Nirenberg’s campaign did not immediately respond to a request for comment.


Saturday’s ballot offers another way to hold San Antonio’s police accountable. Proposition B asks voters to decide whether to repeal the police union’s collective bargaining power. (Earlier this week, The Appeal: The Political Report published an explainer on Proposition B.) The San Antonio Police Officers Association has long had one of the strongest police union contracts in the country. As a result, the city has little power to hold officers accountable for misconduct. In 2020, local ABC affiliate KSAT published an investigative series on the substantial number of officers accused of misconduct who were allowed to keep their jobs because of union rules.

Kimiya Factory, founder of the local grassroots activist group Black Freedom Factory, told The Appeal that she is disappointed that Nirenberg has not taken a strong stance on Proposition B.

“He wanted [an] endorsement from SAPOA,” she said. “When he makes moves like that, it’s very clear he’s trying to secure certain conservative voters in the city, which is  harmful to the movement when accountability is on the ballot.”

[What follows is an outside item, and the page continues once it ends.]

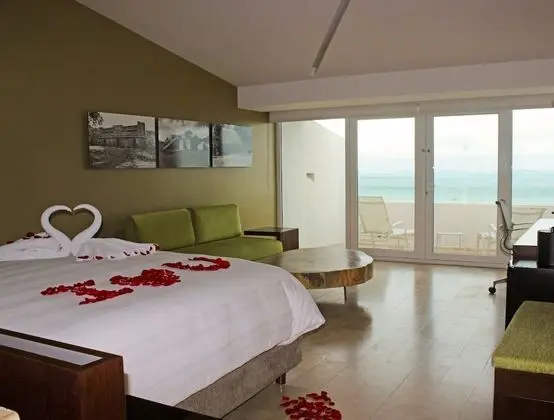 Club Room, 1 King Bed, Terrace, Ocean View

Factory said that, no matter who the next mayor is, she hopes that victims of police brutality and their families will have a stronger voice in setting policies. She’d also like to see the next mayor commit to taking a stronger stance on housing justice. (In February, The Appeal reported that Nirenberg’s administration bulldozed a homeless encampment and destroyed tents and blankets mere weeks before Texas’s unprecedented cold weather and power outages.) “There’s been a lot of shiftiness away from the issues that matter—especially police brutality in this city,” Factory said.